**TASK OBJECTIVE**
Show every line from the data below that includes "Image".

══ SUPPLIED MATERIAL

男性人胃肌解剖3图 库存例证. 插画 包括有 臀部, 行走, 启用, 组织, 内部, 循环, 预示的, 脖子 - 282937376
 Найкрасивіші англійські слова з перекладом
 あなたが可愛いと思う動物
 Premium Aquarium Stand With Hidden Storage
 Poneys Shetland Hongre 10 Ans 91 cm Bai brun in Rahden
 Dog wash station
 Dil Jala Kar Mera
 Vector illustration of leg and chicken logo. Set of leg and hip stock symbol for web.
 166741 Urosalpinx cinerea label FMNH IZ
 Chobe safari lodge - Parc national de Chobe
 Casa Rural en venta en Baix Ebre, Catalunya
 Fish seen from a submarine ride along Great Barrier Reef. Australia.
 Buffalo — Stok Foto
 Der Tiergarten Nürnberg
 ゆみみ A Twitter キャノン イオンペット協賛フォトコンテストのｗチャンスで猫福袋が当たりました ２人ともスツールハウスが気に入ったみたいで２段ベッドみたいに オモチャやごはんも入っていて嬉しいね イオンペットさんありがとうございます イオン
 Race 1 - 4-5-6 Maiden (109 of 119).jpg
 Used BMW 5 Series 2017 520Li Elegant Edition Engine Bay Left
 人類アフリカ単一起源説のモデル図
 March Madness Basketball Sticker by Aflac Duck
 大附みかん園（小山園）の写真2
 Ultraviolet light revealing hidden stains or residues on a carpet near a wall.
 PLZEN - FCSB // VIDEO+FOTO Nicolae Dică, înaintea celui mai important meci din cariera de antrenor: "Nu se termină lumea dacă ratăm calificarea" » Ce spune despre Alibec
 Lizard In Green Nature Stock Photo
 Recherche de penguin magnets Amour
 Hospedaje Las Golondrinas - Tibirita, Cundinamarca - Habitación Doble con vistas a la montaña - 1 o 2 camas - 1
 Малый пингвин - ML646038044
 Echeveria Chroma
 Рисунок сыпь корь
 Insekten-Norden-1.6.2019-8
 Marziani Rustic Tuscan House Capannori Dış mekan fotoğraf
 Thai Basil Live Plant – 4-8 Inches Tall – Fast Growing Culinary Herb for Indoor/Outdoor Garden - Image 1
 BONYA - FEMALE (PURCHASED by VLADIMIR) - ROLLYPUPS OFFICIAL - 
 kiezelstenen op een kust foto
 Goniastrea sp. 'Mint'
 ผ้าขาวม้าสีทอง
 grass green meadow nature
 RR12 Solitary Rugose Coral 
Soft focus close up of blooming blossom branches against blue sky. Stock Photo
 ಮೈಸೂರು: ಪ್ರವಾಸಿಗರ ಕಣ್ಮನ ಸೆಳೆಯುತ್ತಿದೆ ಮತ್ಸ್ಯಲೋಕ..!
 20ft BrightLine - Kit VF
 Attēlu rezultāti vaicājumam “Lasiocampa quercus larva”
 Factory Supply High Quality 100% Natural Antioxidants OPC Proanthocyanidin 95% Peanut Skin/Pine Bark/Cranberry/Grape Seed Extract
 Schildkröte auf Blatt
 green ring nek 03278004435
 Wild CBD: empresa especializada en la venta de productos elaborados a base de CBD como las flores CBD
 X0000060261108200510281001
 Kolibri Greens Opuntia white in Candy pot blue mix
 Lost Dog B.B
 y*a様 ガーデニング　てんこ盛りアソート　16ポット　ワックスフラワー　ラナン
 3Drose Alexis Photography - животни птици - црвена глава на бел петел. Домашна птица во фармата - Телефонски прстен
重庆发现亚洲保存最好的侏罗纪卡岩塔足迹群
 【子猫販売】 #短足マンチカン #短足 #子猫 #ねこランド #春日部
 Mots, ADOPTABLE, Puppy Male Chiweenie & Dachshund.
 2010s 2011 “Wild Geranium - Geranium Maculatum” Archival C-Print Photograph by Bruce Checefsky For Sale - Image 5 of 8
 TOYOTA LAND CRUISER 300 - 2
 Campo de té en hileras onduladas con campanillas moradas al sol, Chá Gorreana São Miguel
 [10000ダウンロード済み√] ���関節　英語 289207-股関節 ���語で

════

**ANSWER TO THIS TASK**
 Thai Basil Live Plant – 4-8 Inches Tall – Fast Growing Culinary Herb for Indoor/Outdoor Garden - Image 1
 2010s 2011 “Wild Geranium - Geranium Maculatum” Archival C-Print Photograph by Bruce Checefsky For Sale - Image 5 of 8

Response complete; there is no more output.